The local transmitters do not switch from say 1080i to 480p and back when you see SD content on a station that is HD capable. Instead, the station merely upconverts the SD content to fit their HD output. Locally FOX's -1 channel is always 720p, but the content is often letterboxed because the source is 480, same with NBC. The local news and other SD programs look SD, but they are being broadcast upconverted to 1080i. There is no streching (like TNT does (YUCK!!) just adding the grey/black bars to the sides to fill the page.

It is a semantic thing. The content varies between 480p and 1080i but the broadcast is always 1080i. When the forget to "throw the switch" they are still feeding their SD content (usually also on the analog channel) into the digital transmitter. They just need to switch to the HD content.


----------



## DP1 (Sep 16, 2002)

John W said:


> There have been many instances in our local market where there was a delay, or total screw up, in the station "throwing the hd switch" so that we would be receiving a program or event provided by the network in hd, in hd.So, I don't think the "all day long" thing is happening in Fort Wayne, unless I'm missing something.
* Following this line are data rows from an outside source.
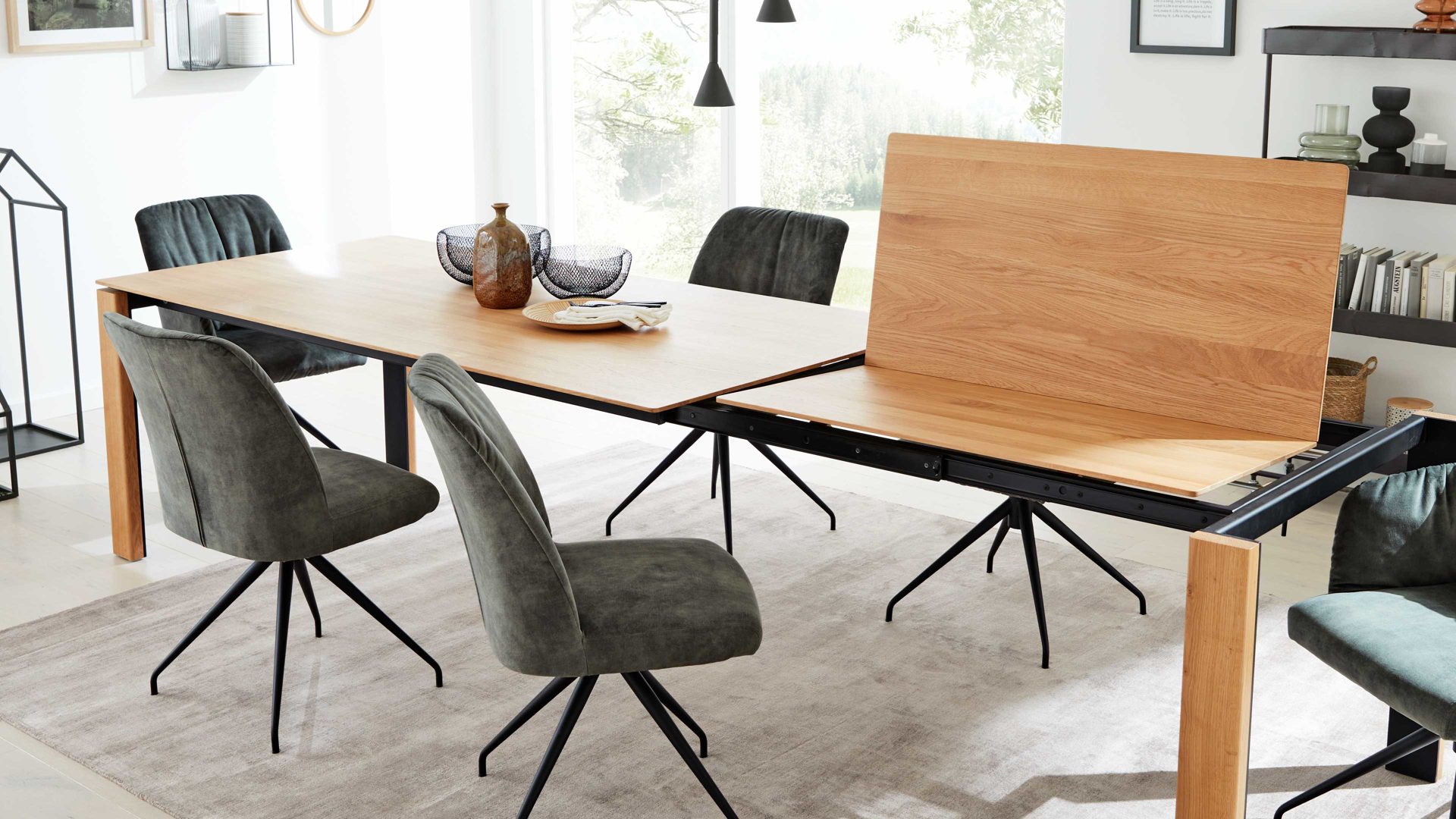 Auszugtisch Interliving aus Holz in Holzfarben Interliving Esszimmer Serie 5110 - Auszugtisch T0701 Eiche natur - ca. 160 - 260 x 90 cm
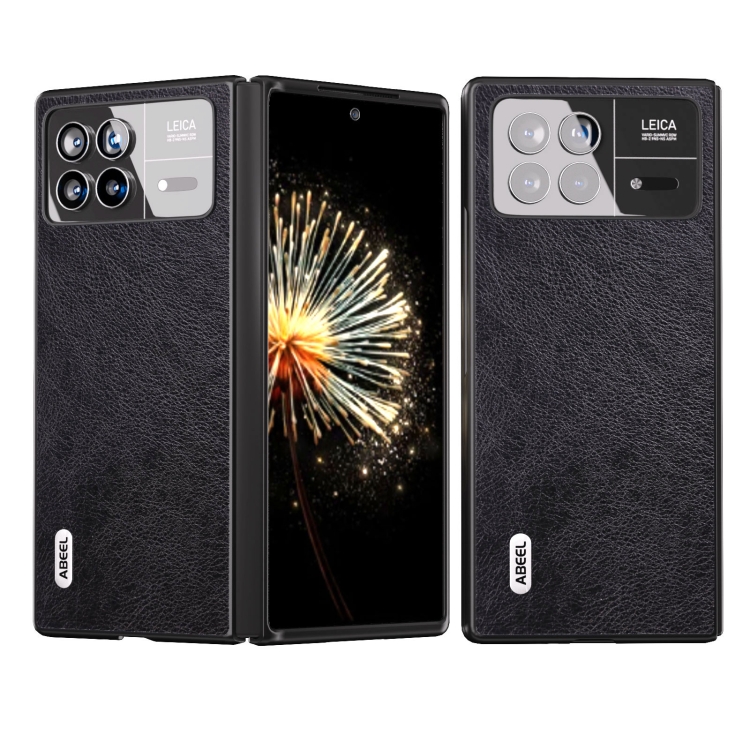 

For Xiaomi Mix Fold 3 ABEEL Dual Color Lichi Texture PU Phone Case(Black)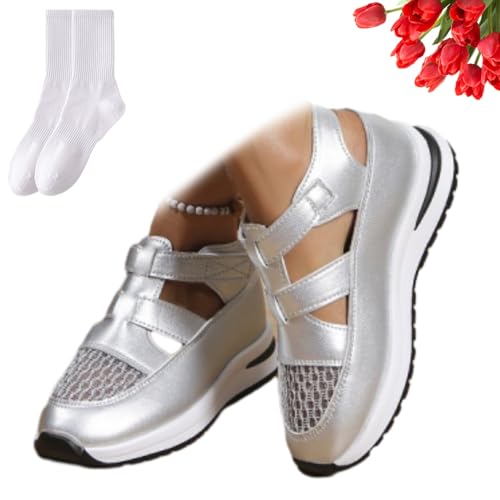 Damen-Sandalen aus Leder, geschlossene Zehenpartie, orthopädische Keilsandalen, Sneaker, lässig, Netzstoff, atmungsaktiv, römische Sandalen, Sneaker, Outdoor, rutschfeste Plattform, Sport von GAGFDA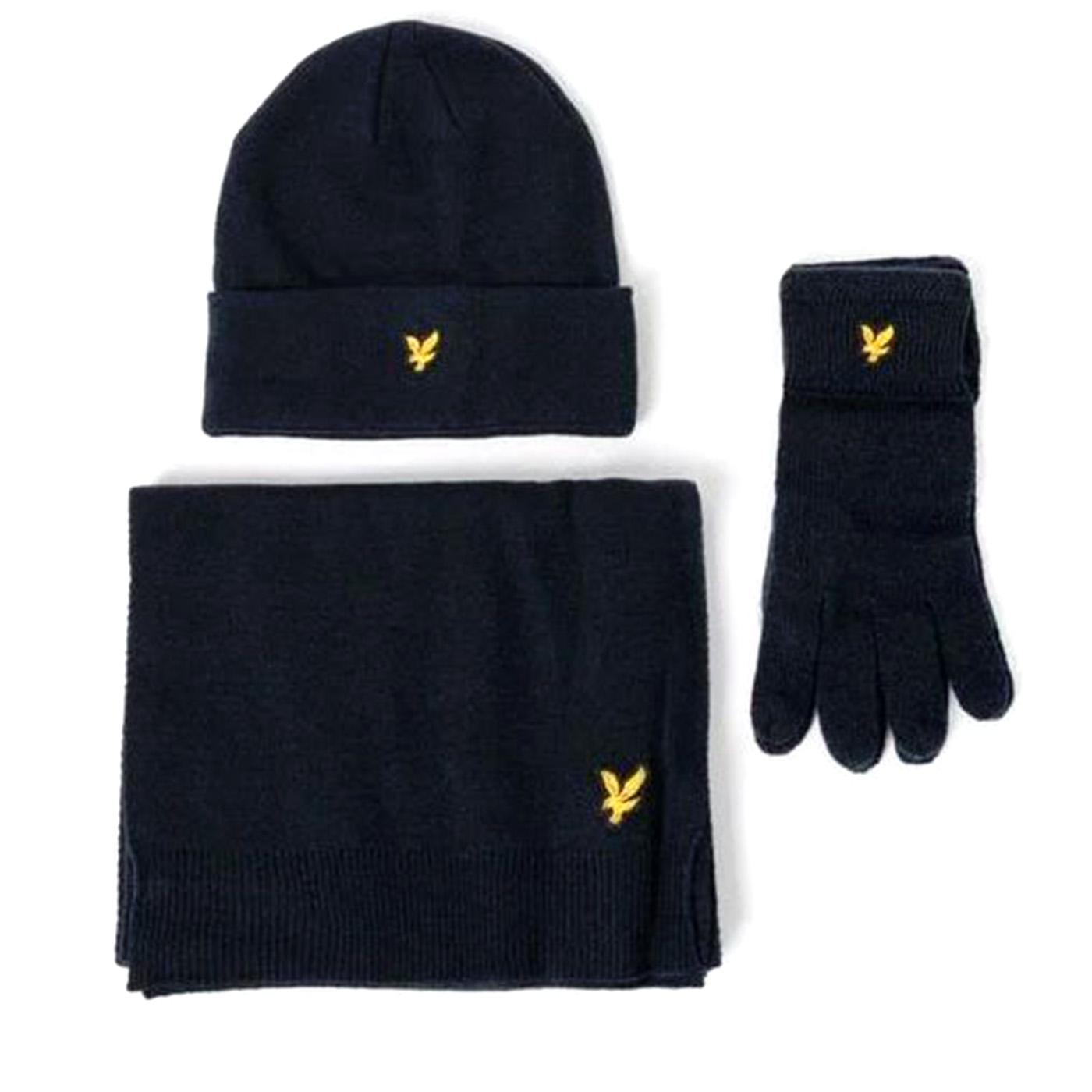 Checked Scarf and Beanie Gift Dark Navy - Set Cappellino, Sciarpa e Guanti Blu GF2103A-Z271  LYLE & SCOTT 
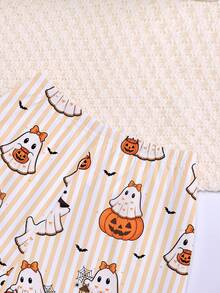 Cute Cartoon Ghost & Pumpkin Print Striped Home Shorts Young Girl Halloween Outfit, Summer Girls Open Front Pajama 2 Pieces Set - Orange - View 6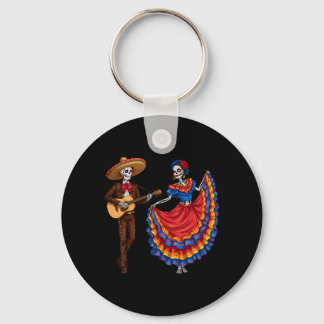 Mariachi Skelettpar Guitar Dans Dag För De Nyckelring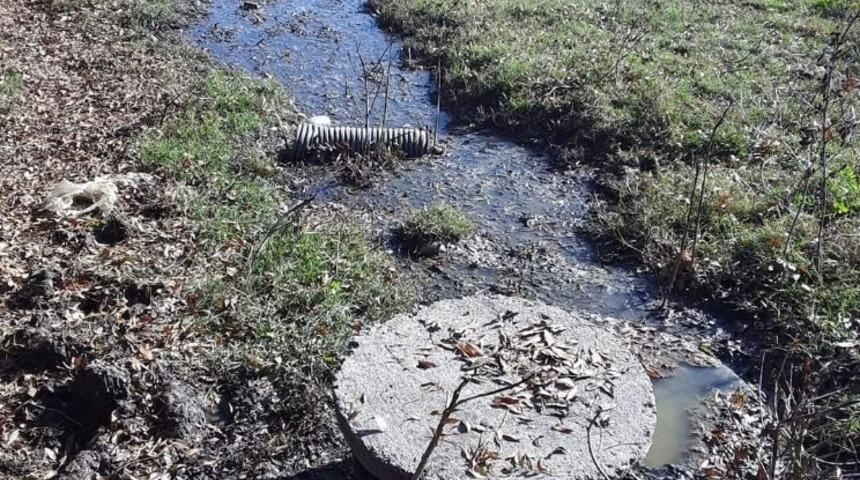 Kanalizasyon sızıntısı mahallelinin tepkisine neden oldu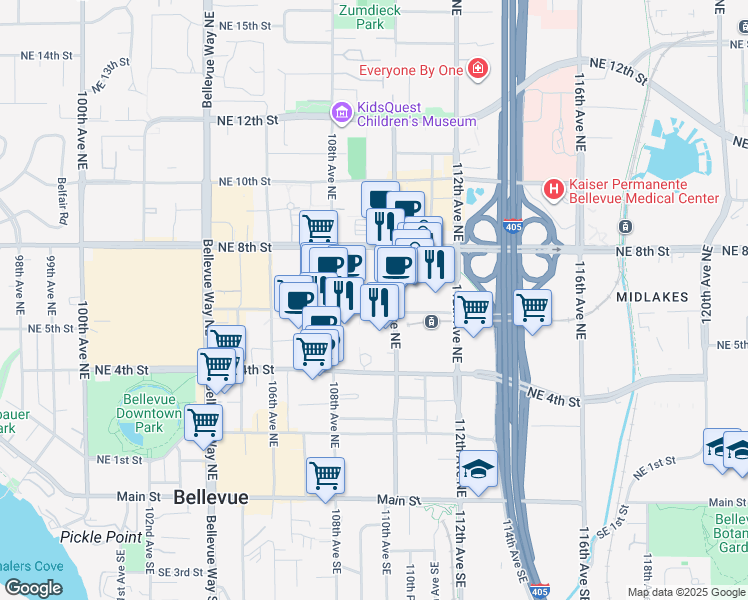 map of restaurants, bars, coffee shops, grocery stores, and more near 633 110th Avenue Northeast in Bellevue
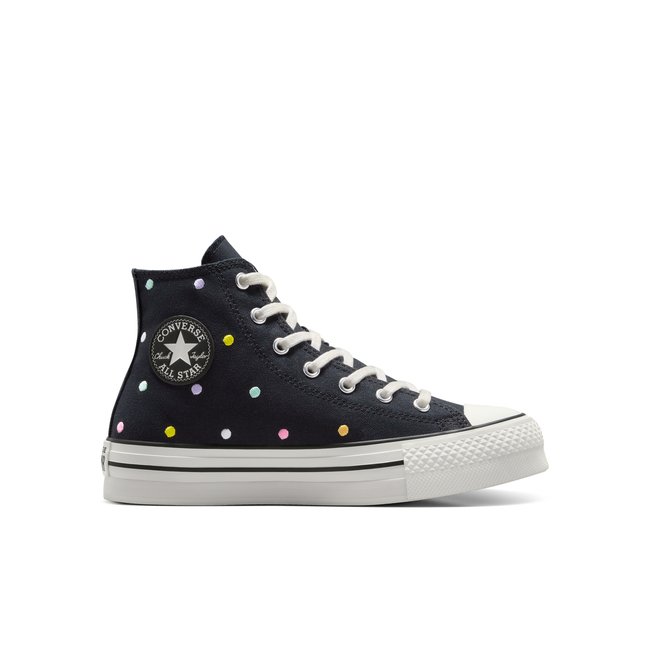 Baskets CHUCK TAYLOR ALL STAR LIFT POLKA DOTS PLATFORM noir/blanc vintage/écru <span itemprop=
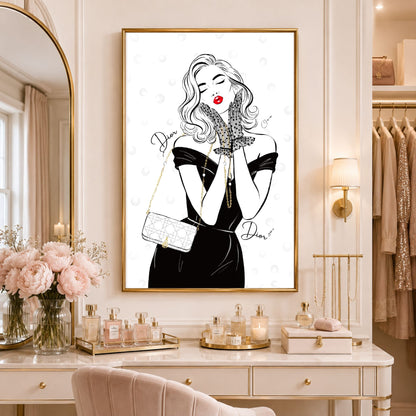 DIOR NOIR WHISPER-ILLUSTRATION-LIMITED EDITION PRINT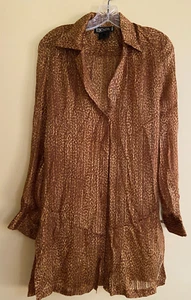 ESCADA VINTAGE CHIFFON SILK LONG BLOUSE IN LEOPARD OPEN FRONT 34 FITS 10 GERMANY - Picture 1 of 13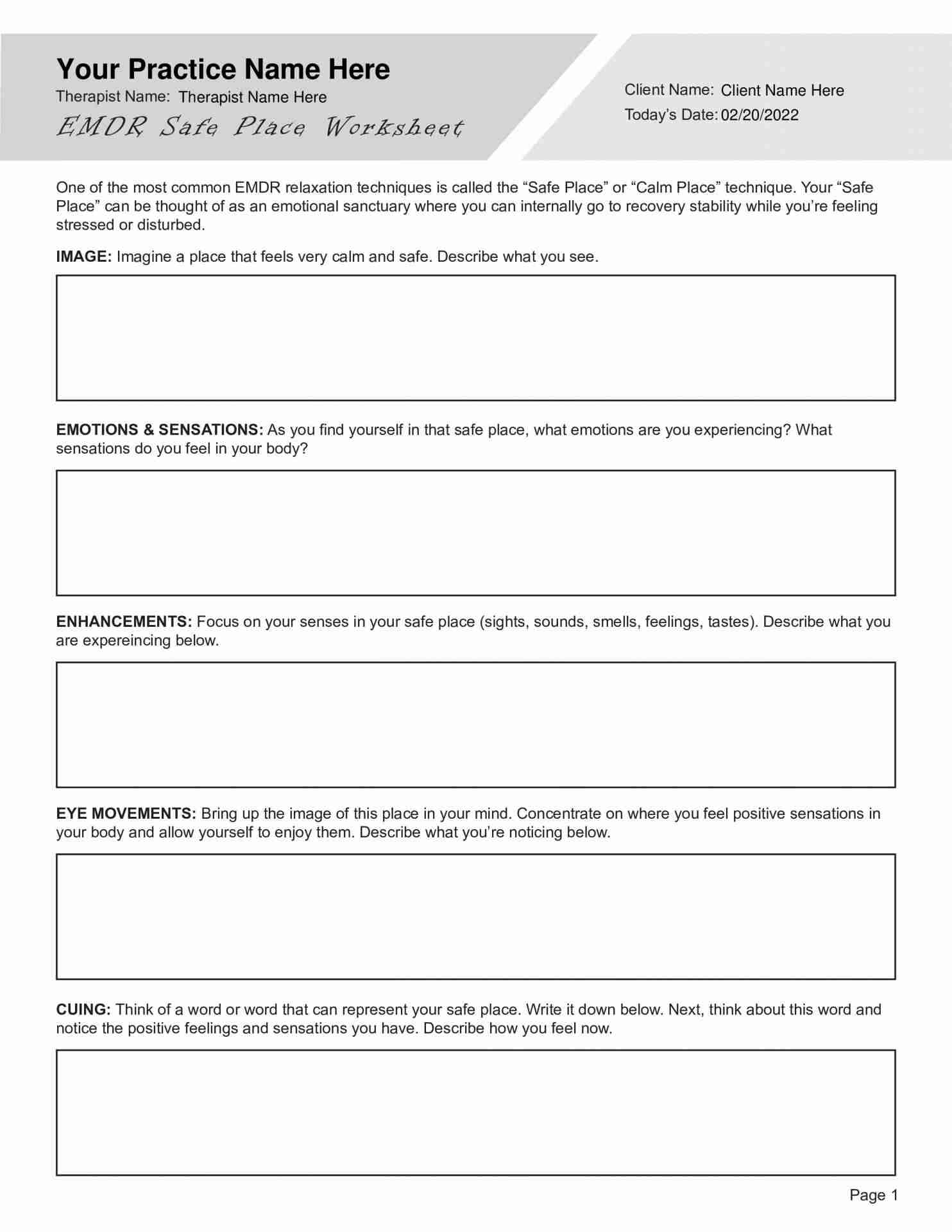 EMDR Safe Place Worksheet PDF TherapyByPro EMDR Safe Place Worksheet PDF TherapyByPro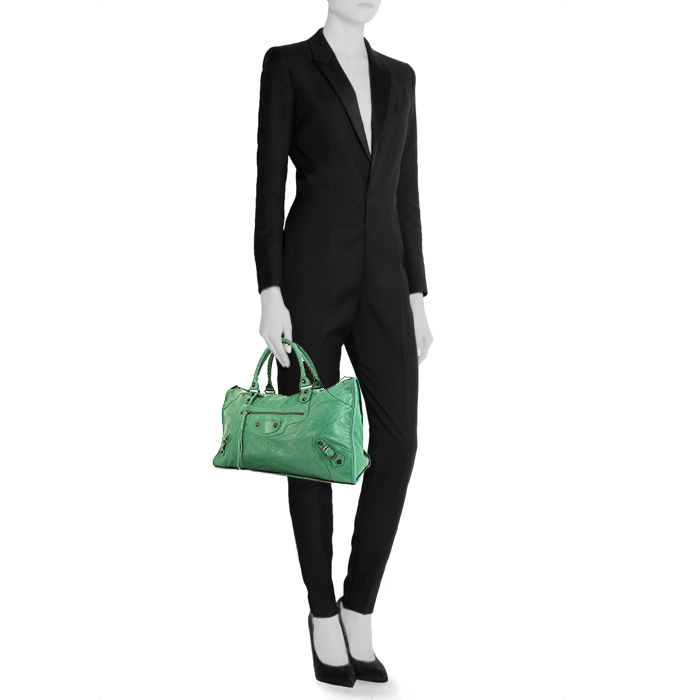 Sac à main Balenciaga Work en cuir vert - Detail D1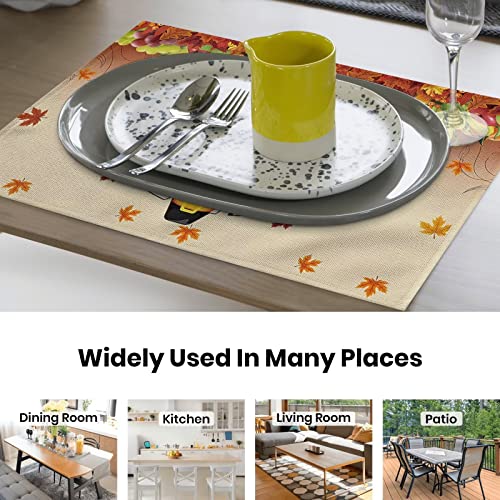 Thanksgiving Turkey Placemats Set Of 4, Fall Leaf Autumn Harvest Pumpkin Cotton Linen Stain Resistant Table Mats Washable Placemat Decoration For Kitchen Dining Table #TOP3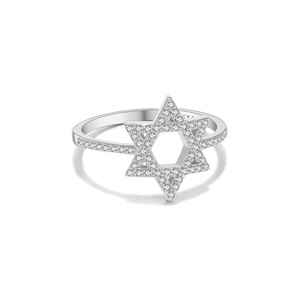 Bague étoile en argent sterling Bagues plaquées or 14 carats Bague zircon de qualité 5 A pour femme - Product Image 5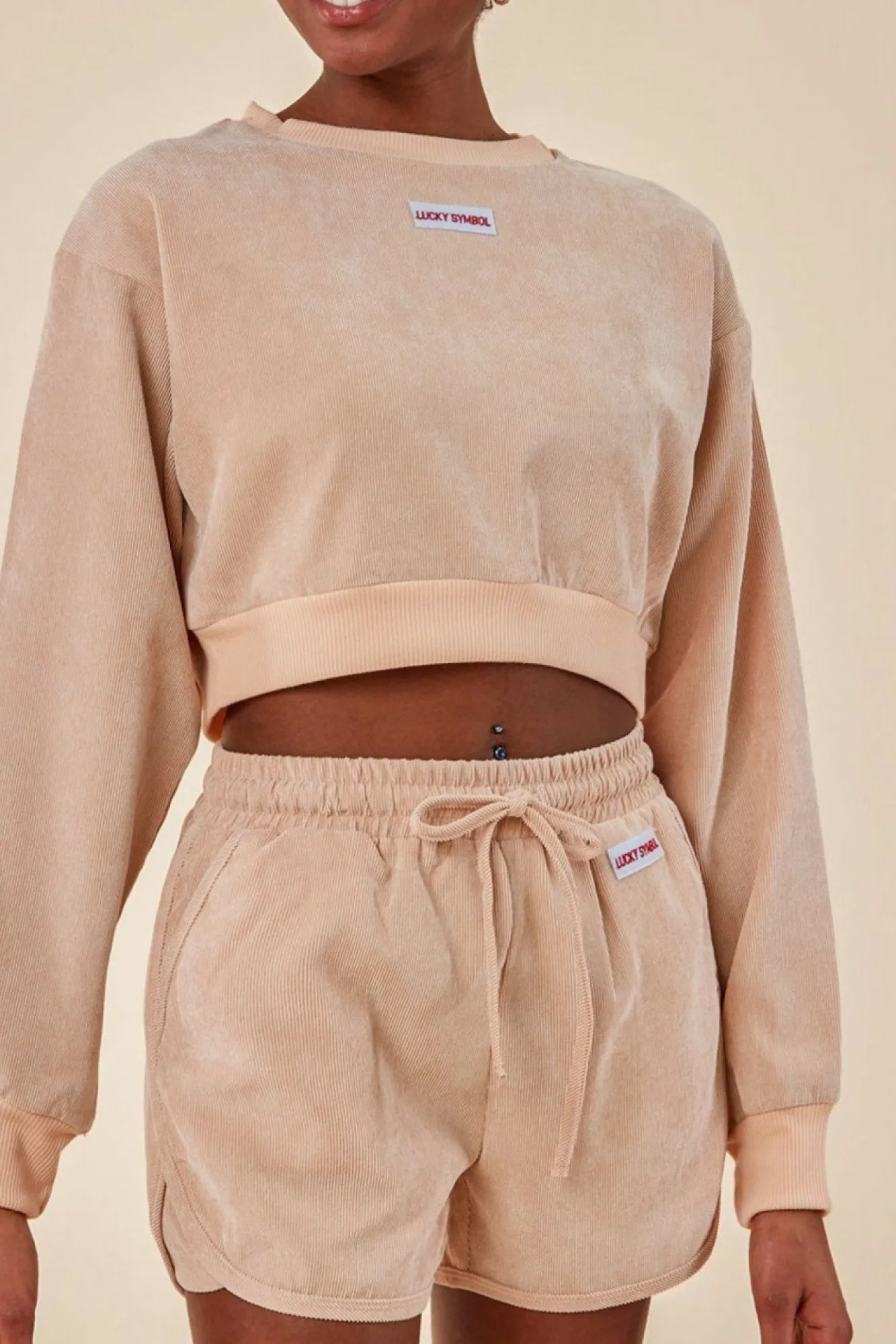 Loungewear & Sleepwear^Cosmochic Oversized Cropped Jumper & Short Set Beige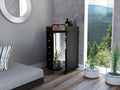 Dukat Bar Cart,Two Shelves, Six Built In Wine Rack, Four Casters Black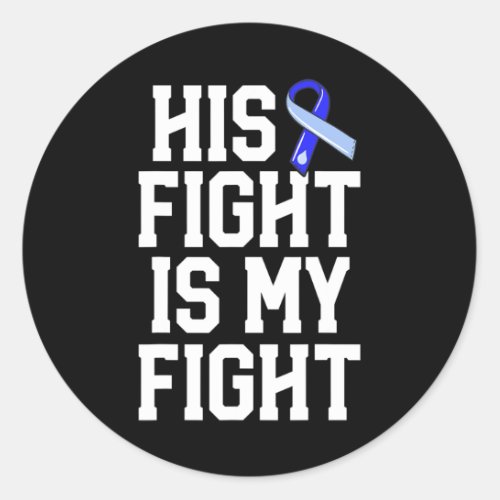 Fight Is My Fight Hydrocephalus Awareness Blue Rib Classic Round Sticker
When James said, "Regardless of source quality they are still broadcasting in HD", he meant just in regards to resolution not actual programming.

Most all stations like Network affiliates, say CBS, are sending out a 1920x1080i signal 24/7 regardless of whether they're showing true HD content or not.

"Flipping the switch" is in regards to passing through the true HD content when that type of programing starts at a given time (as opposed to spacing out and continuing to show upconverted prograaming). But whether they flip it or not, the signal being sent out is still 1920x1080i around the clock.

Thats why there has to be the distinction made between resolution and programming. We cant say we're watching HD (programming) just because a station is always broadcasting HD (resolution).

Otherwise, we might as well say that if we buy an in home video processor like the DVDO that takes any old source you put into it and spits it out as an HD resolution to your display, that we're then watching HD.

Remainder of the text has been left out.